* Materials provided
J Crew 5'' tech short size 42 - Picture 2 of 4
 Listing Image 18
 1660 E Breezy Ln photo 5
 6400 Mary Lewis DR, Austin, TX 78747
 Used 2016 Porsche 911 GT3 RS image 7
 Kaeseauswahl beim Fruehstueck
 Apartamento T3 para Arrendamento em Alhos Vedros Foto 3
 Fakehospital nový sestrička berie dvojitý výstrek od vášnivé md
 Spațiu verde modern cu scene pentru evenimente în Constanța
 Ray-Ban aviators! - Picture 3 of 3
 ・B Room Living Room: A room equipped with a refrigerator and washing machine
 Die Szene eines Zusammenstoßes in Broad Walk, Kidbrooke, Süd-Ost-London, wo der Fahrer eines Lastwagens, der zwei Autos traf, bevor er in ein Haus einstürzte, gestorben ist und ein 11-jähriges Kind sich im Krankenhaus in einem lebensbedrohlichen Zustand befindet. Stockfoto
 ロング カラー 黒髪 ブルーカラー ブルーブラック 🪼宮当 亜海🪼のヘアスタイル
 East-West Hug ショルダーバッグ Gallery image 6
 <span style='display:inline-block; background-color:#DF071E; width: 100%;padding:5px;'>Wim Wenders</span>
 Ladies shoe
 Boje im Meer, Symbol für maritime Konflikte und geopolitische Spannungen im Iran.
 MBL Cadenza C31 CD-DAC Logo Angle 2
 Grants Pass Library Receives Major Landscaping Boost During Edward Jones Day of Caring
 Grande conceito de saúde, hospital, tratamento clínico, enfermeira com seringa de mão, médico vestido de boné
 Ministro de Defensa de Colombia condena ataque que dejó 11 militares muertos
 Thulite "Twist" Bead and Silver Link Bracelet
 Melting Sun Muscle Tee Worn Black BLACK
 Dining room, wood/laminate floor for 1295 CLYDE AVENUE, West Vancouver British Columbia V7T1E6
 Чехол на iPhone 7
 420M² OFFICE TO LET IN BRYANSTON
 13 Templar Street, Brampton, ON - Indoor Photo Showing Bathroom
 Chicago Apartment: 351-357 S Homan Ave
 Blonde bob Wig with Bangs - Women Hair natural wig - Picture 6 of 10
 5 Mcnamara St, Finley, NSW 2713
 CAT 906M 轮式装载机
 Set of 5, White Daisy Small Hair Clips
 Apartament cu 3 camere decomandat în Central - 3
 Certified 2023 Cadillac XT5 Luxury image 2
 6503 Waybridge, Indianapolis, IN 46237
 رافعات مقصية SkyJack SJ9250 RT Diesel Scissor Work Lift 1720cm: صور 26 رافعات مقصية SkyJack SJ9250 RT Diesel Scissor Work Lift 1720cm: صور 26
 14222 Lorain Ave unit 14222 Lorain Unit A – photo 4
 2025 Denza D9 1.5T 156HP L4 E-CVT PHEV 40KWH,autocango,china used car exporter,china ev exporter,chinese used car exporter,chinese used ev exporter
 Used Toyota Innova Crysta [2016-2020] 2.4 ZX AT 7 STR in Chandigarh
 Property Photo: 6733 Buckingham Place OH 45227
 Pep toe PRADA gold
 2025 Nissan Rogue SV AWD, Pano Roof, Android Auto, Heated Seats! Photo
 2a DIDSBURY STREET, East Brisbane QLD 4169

* Work to be completed
What lines in the records above include the string "Picture"? Copy each one.

* Output
J Crew 5'' tech short size 42 - Picture 2 of 4
 Ray-Ban aviators! - Picture 3 of 3
 Blonde bob Wig with Bangs - Women Hair natural wig - Picture 6 of 10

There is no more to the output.